Write out exactly, and only, the lines below from the line with "Alright guys, that" through the line with "This is the third"; pictures do not belong in the copy.

**Input data**
■ ■ ■ ■

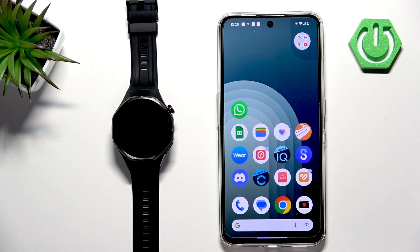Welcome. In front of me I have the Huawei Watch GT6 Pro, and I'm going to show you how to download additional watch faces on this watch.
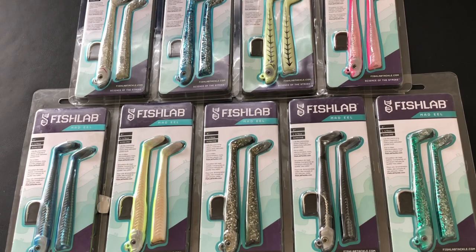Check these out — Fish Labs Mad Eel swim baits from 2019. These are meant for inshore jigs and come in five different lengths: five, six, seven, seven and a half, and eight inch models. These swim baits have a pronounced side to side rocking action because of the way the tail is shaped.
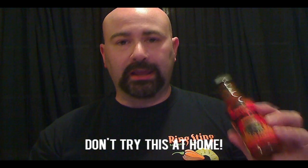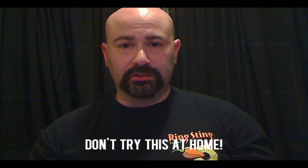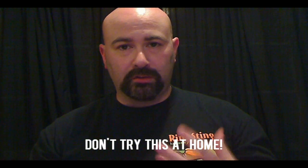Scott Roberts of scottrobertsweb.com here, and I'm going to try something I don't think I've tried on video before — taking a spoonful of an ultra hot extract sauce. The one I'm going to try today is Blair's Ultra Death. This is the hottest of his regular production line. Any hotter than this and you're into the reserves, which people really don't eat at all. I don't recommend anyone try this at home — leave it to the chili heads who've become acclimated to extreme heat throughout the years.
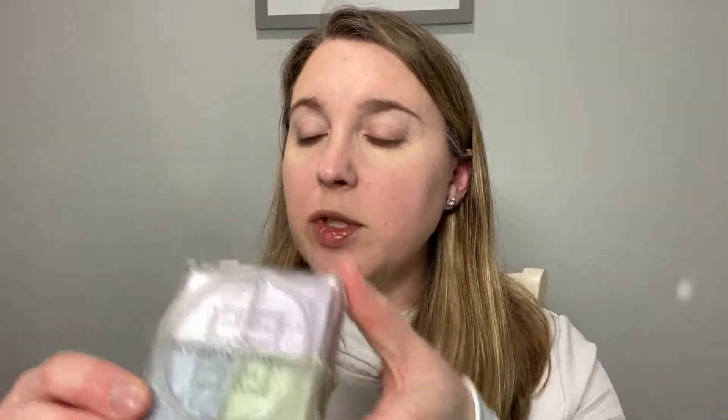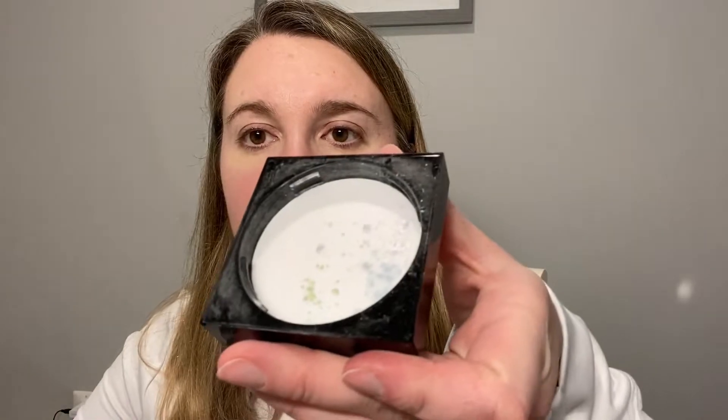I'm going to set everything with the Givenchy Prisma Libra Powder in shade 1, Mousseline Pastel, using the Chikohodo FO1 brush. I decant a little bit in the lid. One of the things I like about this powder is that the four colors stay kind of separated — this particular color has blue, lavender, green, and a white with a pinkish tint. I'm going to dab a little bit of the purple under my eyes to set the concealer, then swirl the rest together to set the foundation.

■ ■ ■ ■

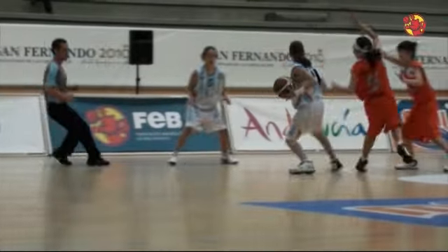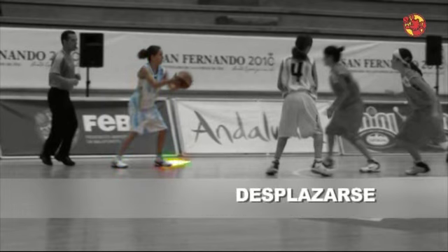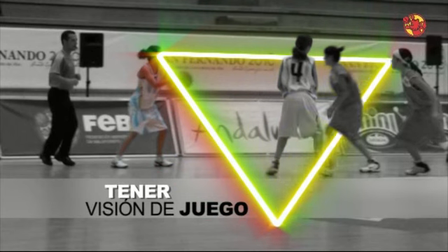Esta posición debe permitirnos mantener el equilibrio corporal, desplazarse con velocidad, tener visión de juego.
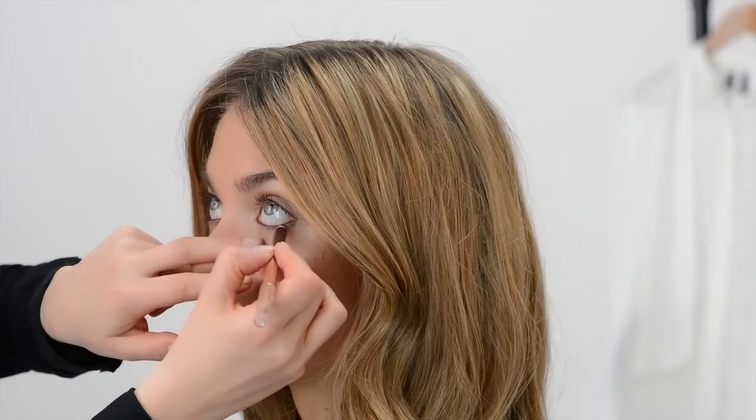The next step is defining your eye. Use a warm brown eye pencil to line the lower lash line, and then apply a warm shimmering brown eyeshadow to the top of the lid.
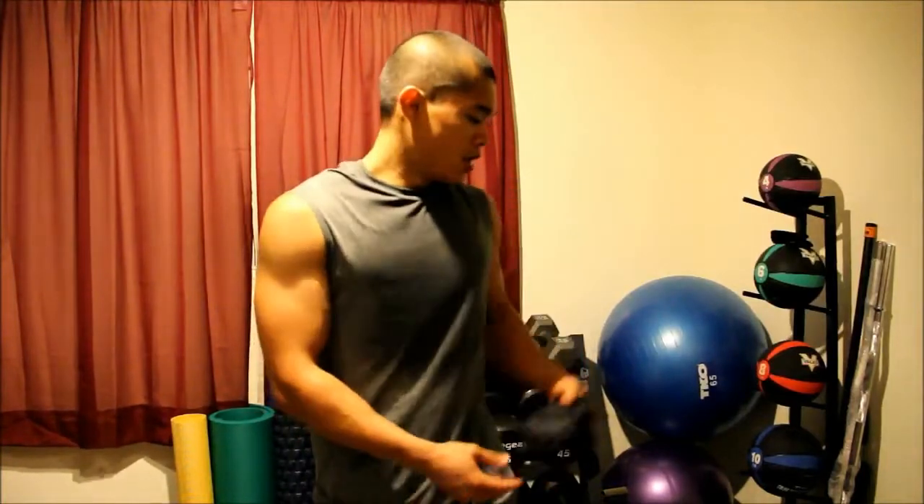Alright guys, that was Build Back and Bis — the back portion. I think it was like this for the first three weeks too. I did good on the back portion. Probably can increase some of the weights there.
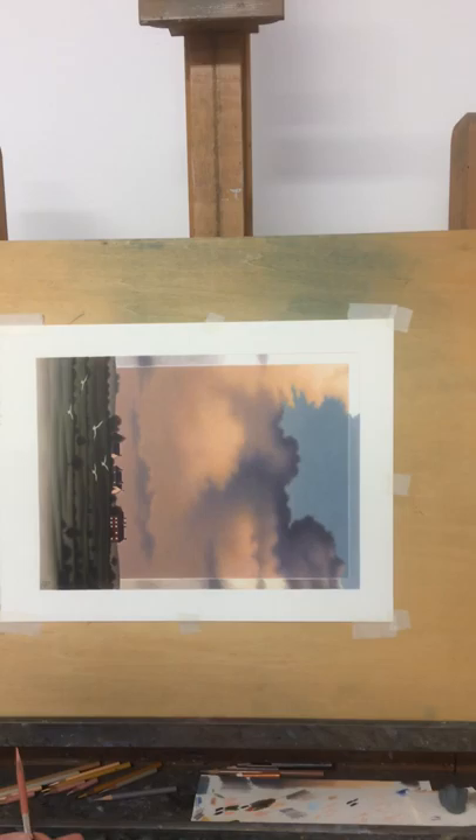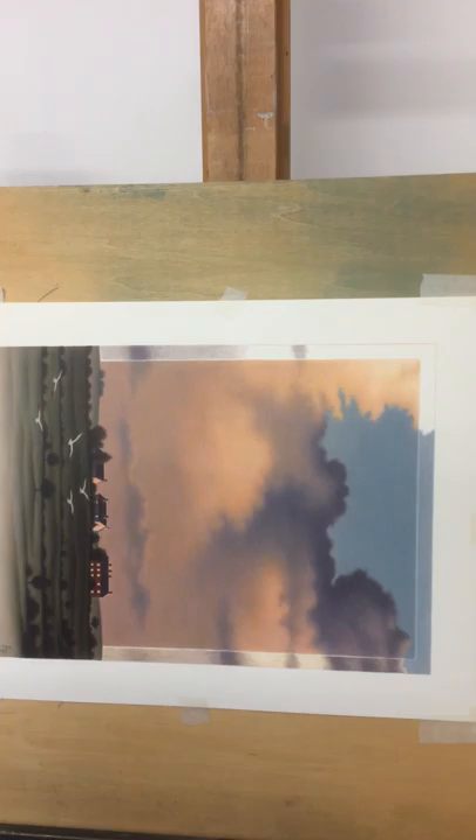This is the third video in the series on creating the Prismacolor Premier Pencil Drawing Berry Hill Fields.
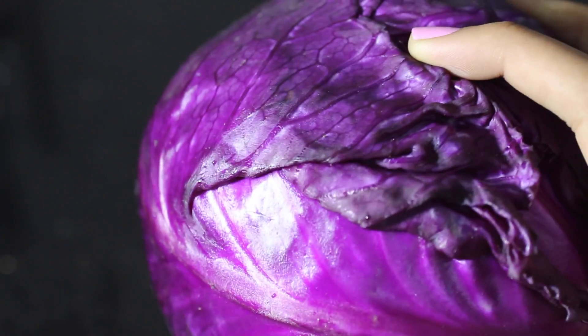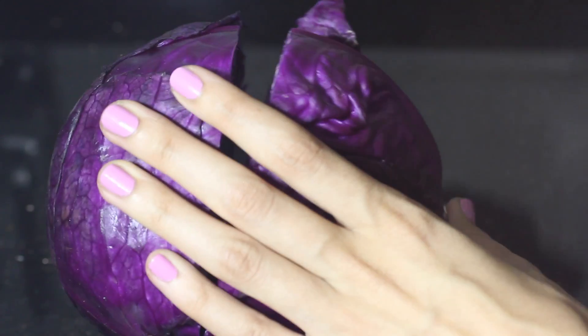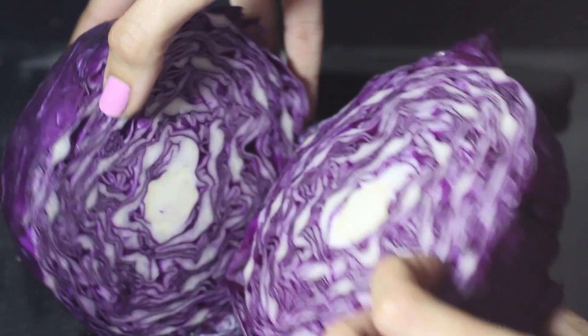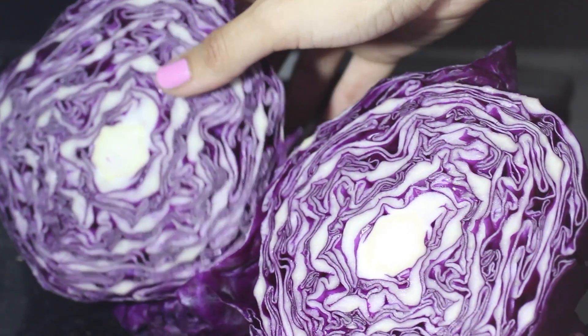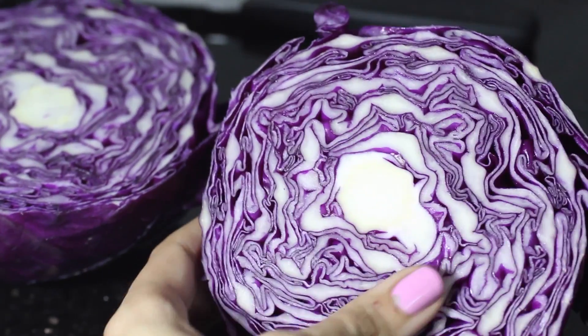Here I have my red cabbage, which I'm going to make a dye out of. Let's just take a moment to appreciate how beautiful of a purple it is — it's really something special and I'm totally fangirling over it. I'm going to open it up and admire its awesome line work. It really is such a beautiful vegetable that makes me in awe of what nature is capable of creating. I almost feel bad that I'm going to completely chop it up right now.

■ ■ ■ ■

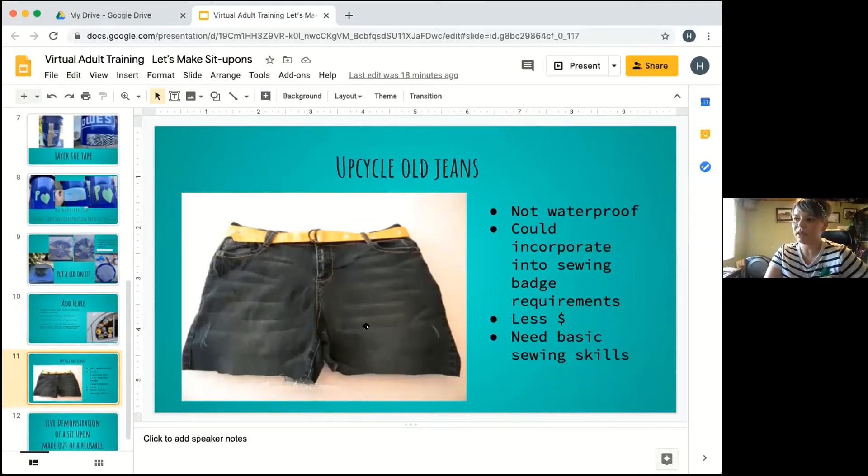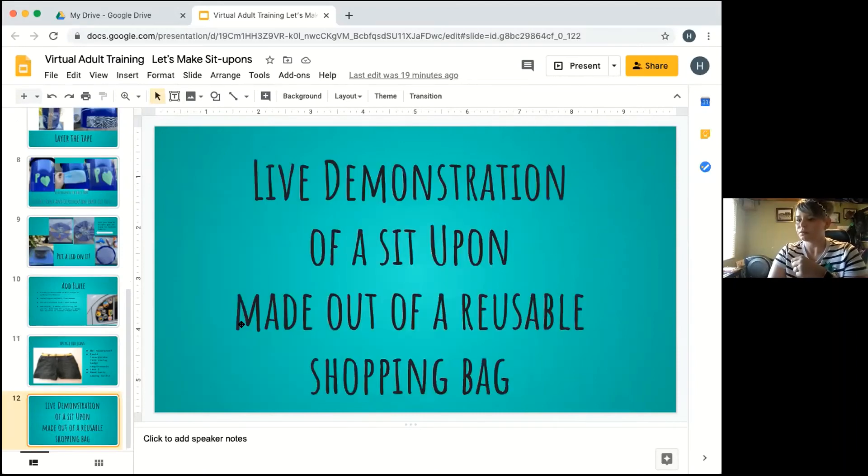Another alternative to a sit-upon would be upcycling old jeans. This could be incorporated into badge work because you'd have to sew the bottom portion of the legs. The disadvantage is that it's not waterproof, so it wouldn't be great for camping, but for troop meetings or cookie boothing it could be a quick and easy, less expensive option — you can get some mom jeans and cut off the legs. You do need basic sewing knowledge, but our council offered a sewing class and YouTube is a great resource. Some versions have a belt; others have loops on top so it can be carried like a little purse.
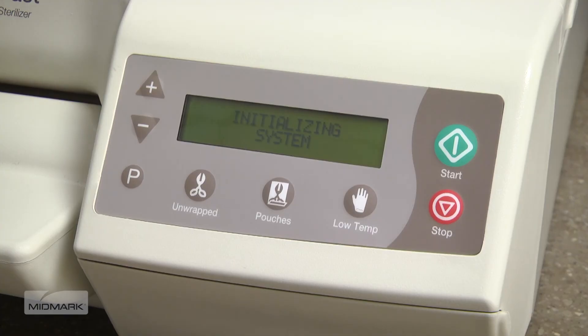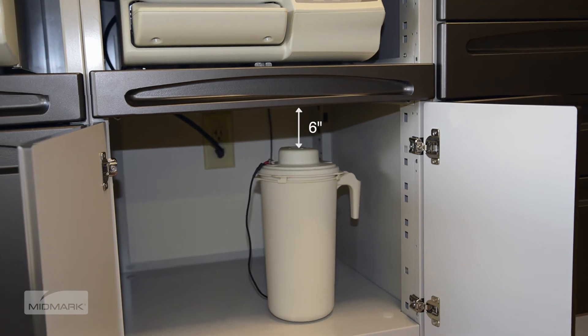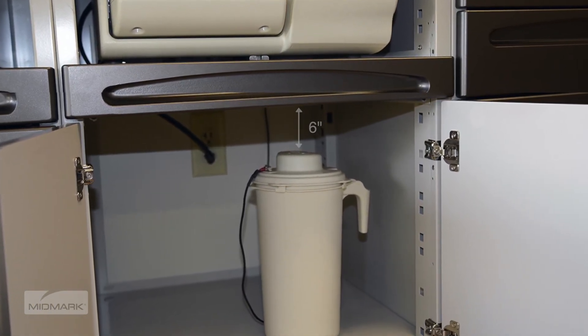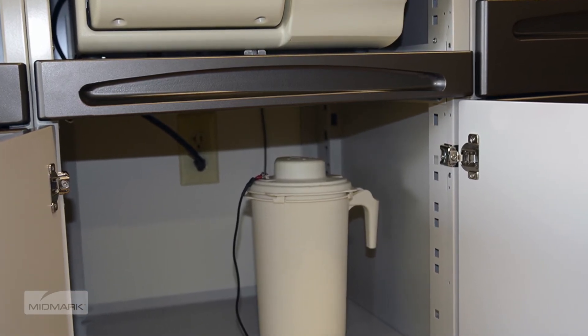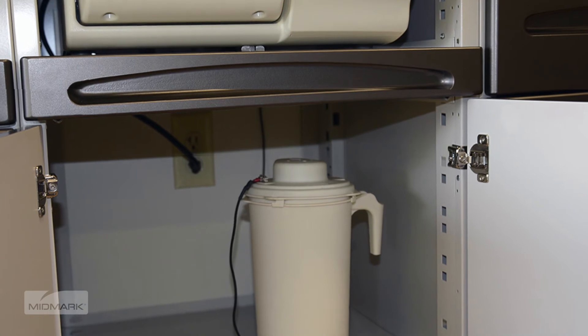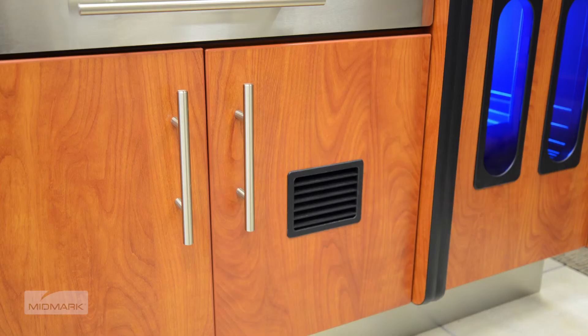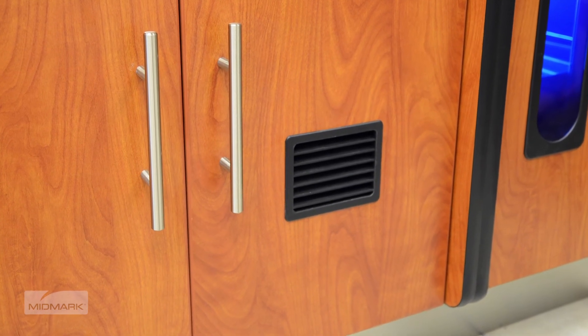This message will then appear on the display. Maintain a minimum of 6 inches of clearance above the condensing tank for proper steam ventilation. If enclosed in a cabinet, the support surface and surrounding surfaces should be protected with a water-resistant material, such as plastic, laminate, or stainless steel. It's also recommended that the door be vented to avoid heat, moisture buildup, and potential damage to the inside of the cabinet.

■ ■ ■ ■

**Solution**
Alright guys, that was Build Back and Bis — the back portion. I think it was like this for the first three weeks too. I did good on the back portion. Probably can increase some of the weights there.
This is the third video in the series on creating the Prismacolor Premier Pencil Drawing Berry Hill Fields.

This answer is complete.